To be fair, my wife does 45 minutes on the treadmill almost every day and it works for her. Time is important and the treadmill is very efficient. No ten minute process to put on layers and other gear when it's cold outside. There's even a timer to help her keep her schedule to the minute. Knowing this, I should have been more understanding of my friend. But he has a trail in his back yard.

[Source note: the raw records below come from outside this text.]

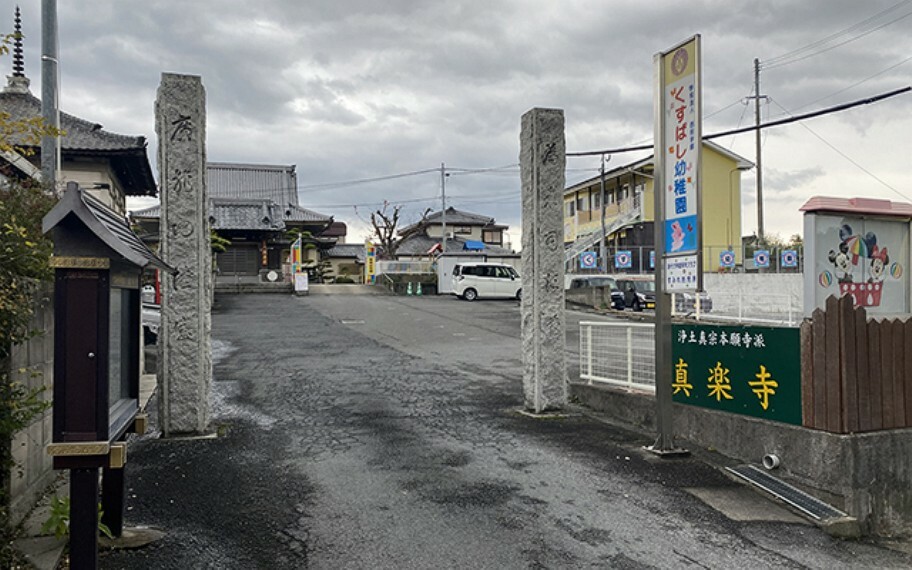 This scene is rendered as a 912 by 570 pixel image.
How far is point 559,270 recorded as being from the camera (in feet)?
26.8

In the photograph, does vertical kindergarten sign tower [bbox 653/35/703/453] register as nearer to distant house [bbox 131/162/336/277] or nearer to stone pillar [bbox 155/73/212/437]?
stone pillar [bbox 155/73/212/437]

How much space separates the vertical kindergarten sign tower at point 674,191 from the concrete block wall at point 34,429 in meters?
5.19

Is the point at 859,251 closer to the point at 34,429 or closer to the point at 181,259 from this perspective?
the point at 181,259

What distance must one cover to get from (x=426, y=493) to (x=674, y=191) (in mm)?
3734

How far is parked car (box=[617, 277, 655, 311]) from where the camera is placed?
25.2 m

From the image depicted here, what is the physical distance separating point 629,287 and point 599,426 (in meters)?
19.4

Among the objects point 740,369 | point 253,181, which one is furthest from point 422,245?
point 740,369

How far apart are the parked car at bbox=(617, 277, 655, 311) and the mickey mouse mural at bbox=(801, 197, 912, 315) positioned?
17.9 m

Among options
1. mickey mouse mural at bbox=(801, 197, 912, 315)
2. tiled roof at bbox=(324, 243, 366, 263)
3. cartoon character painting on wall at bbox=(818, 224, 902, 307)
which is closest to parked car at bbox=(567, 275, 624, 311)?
mickey mouse mural at bbox=(801, 197, 912, 315)

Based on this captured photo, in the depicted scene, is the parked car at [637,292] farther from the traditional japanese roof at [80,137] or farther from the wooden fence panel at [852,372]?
the wooden fence panel at [852,372]

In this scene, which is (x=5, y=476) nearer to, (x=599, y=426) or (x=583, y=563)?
(x=583, y=563)

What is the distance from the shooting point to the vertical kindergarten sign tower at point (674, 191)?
591 centimetres

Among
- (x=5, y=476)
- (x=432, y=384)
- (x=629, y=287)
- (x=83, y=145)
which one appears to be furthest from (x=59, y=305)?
(x=629, y=287)

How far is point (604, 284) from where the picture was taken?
1048 inches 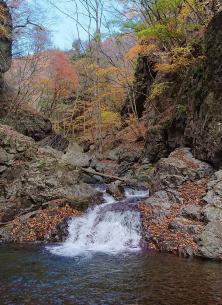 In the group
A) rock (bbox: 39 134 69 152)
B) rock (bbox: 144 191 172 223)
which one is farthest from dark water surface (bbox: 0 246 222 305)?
rock (bbox: 39 134 69 152)

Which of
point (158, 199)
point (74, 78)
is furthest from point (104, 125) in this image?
point (158, 199)

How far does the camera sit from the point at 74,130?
3884 centimetres

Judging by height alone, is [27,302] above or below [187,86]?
below

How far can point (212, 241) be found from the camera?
1077 cm

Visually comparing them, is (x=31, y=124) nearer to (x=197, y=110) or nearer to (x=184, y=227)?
(x=197, y=110)

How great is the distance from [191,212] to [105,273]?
442cm

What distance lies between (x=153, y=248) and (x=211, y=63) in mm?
9140

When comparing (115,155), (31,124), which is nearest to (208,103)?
(115,155)

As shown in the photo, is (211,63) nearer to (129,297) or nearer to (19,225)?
(19,225)

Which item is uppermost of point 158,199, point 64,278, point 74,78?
point 74,78

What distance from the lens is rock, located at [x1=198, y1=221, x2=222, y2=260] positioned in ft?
34.2

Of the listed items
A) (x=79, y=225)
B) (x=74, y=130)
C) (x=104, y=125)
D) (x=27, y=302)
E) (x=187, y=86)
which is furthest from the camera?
(x=74, y=130)

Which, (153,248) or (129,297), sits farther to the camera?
(153,248)

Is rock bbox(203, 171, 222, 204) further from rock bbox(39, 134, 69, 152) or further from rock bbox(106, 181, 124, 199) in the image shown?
rock bbox(39, 134, 69, 152) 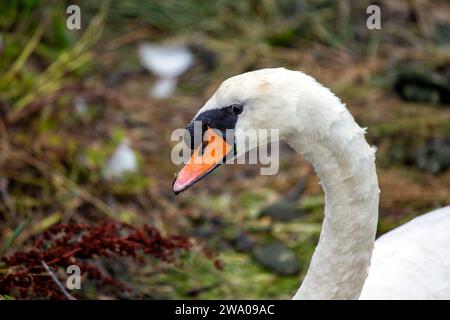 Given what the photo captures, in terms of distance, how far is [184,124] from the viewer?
486 cm

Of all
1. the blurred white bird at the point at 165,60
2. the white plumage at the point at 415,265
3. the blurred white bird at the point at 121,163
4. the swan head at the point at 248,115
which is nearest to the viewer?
the swan head at the point at 248,115

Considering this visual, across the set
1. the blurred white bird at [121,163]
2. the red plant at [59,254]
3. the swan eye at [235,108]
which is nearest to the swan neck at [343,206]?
the swan eye at [235,108]

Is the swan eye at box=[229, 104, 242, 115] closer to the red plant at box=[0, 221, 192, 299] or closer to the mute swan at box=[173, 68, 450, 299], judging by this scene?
the mute swan at box=[173, 68, 450, 299]

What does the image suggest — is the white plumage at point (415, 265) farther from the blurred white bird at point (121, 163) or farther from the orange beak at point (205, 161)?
the blurred white bird at point (121, 163)

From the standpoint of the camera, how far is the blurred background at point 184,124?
11.8 ft

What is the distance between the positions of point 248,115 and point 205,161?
17cm

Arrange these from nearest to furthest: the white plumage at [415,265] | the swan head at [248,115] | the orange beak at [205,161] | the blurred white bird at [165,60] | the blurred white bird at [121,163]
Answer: the swan head at [248,115], the orange beak at [205,161], the white plumage at [415,265], the blurred white bird at [121,163], the blurred white bird at [165,60]

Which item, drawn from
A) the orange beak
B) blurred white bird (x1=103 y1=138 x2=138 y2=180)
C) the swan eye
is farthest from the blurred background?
the swan eye

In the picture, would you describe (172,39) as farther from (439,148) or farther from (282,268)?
(282,268)

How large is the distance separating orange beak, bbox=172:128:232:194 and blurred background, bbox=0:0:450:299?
63 centimetres

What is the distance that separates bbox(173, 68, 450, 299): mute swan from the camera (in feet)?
6.81

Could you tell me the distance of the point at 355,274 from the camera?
7.50ft

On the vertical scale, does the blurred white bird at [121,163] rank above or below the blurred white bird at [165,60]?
below

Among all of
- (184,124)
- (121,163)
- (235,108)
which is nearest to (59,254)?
(235,108) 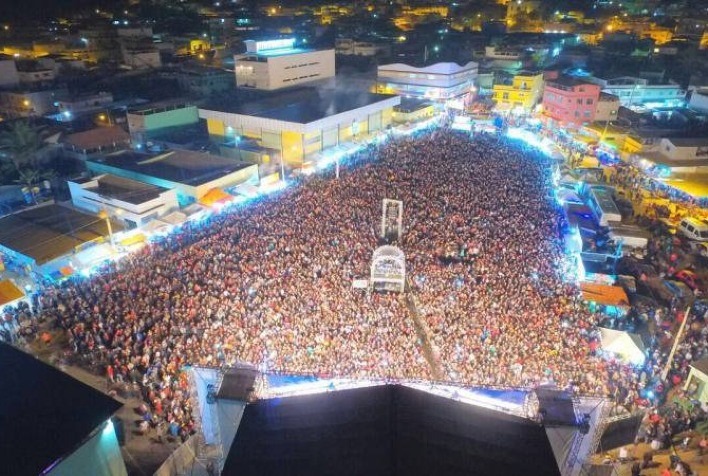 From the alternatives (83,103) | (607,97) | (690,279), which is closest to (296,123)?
(83,103)

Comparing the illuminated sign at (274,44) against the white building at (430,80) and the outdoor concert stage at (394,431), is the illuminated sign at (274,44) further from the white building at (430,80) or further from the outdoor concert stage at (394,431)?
the outdoor concert stage at (394,431)

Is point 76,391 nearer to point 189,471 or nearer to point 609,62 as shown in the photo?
point 189,471

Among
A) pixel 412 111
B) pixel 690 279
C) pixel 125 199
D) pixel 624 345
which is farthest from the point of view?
pixel 412 111

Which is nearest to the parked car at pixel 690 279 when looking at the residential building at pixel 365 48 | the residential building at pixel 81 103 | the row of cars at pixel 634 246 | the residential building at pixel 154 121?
the row of cars at pixel 634 246

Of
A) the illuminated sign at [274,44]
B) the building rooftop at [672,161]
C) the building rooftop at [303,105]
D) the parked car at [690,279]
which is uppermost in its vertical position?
the illuminated sign at [274,44]

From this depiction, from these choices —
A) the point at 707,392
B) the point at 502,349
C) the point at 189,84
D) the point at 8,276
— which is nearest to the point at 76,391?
the point at 502,349

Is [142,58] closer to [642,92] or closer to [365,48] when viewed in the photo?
[365,48]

Yesterday was devoted to meeting a tight deadline and that meant starting at 5:30 AM to ensure that I'd complete what was needed by 5:30 PM. There was no time for a run and I was okay with that. This morning I had more flexibility and planned to go out in the 24° cold, but my wife warned me that the roads were extremely icy. I have enough concerns about sanitation trucks, school buses and bad drivers in my neighborhood that I don't like to increase my risk with slick roads. So it was back to the treadmill.
 
I think the treadmill seems harder because it forces a higher cadence relative to stride length. In other words, if I require 174 SPM to maintain a nine minute pace on the road, I may need to run 177 or more SPM to manage the same pace on the treadmill. It's a lot of extra work to get to the same speed. Still, training at a higher cadence might yield a benefit that I can leverage outdoors. Until they put a bike path through my backyard, I guess I'll be stuck on that thing from time to time.

Tuesday, December 3, 2013

The little workout that could

Today's workout (treadmill): 35 minutes

A little resistance
Work distractions prevented me from getting out this morning and the busyness continued throughout the day. By midday I'd resigned myself to missing any kind of workout. Around 5:30 I was fully caught up, so I decided to do something that resembled activity. The treadmill provided an easy, quick and low key alternative to a run on the street.

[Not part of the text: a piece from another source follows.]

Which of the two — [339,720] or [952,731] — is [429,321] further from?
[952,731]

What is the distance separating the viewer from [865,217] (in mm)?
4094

I didn't feel like a run that late in the day, but 35 minutes walking on the treadmill didn't seem like enough of a workout. I put on some ankle weights, grabbed some hand weights, and set the treadmill's incline to a 2% grade. I picked an easy running pace and ended up with a far more beneficial workout than I'd originally planned. Judging from the level of sweating I'd done, this was the equivalent of a much faster run done with no incline or weights. I didn't wear my HRM but I wish I had. I would have liked to see how hard I'd actually worked today.